主人公のアンドリューはドラム奏者を目指して名門、シェイファー音楽学院へ進学。
すこしばかり不器用で孤独な彼がレッスンをしていると、名指導者であるフィッチャーがやってきてアンドリューに声をかける。
そこから始まる、アンドリューとフィッチャーのぶつかり合いです。それがこの映画のすべて。
だけどそのぶつかり合いがとにかく苛烈。激しくて苦しくて、たまらん映画でした。
フィッチャーのような指導者は日本にもよくいるというか、日本に多いタイプなんじゃないかなと思います。本物かどうかはおいておいて、ああいうちくちくと刺すような指導者は多いのではないかと。だからたとえば、体育会系の部活で苦しんだことがある人には少し苦しい映画かもしれない。
フィッチャーのやり方は、悔しさや負けん気を刺激するもので、それももう、ほんとに半端なくとがったむき身のナイフのようなするどさなんです。
椅子を投げられ、大勢の前でなじられ、正解を言っても、逃げても、正直にわからないと答えてもとにかく全コースが罵倒の嵐。
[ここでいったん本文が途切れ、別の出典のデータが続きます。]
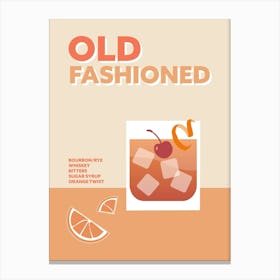 Old Fashioned Cocktail Retro Colourful Wall Canvas Print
そのかわり、ちゃんとやれた時には受け入れられる。
麻薬のようなやり方で奏者を操り、焚き付け、ついてこられたものだけを選ぶ。そんなやり方をする指導者に、すべてを捨てる覚悟でくらいついていくけれど……。
みたいな。
最後は本当に胸がぎゅーっと、絞られるような苦しさがありました。
事故にあっても舞台に立とうとしたアンドリュー。
結果お互いに学院から追放されて、再び出会って、これ以上ないくらいの意地悪なステージへ。
だけどそれでもおれなかったアンドリューと、それに満足したフレッチャー。
二人はとうとう、最高の舞台へ。
このやり方は大勢に拒否されるだろうし、今の日本だったらダメ、絶対なんだと思います。
だから拒否反応が出るのは当然。だけどこの激しすぎる指導だけが生み出せるものもたぶん、確実にあると思うんだよなあ。
憎まれる覚悟と、絶対に満足させてやるんだという強い思い。
ものすごく研ぎ澄まされた映画でした。
見ていて苦しくなるけれど、最後は脱力しちゃうんですけど。
それでも見てよかったと思える一本でした。すごいパワーだった。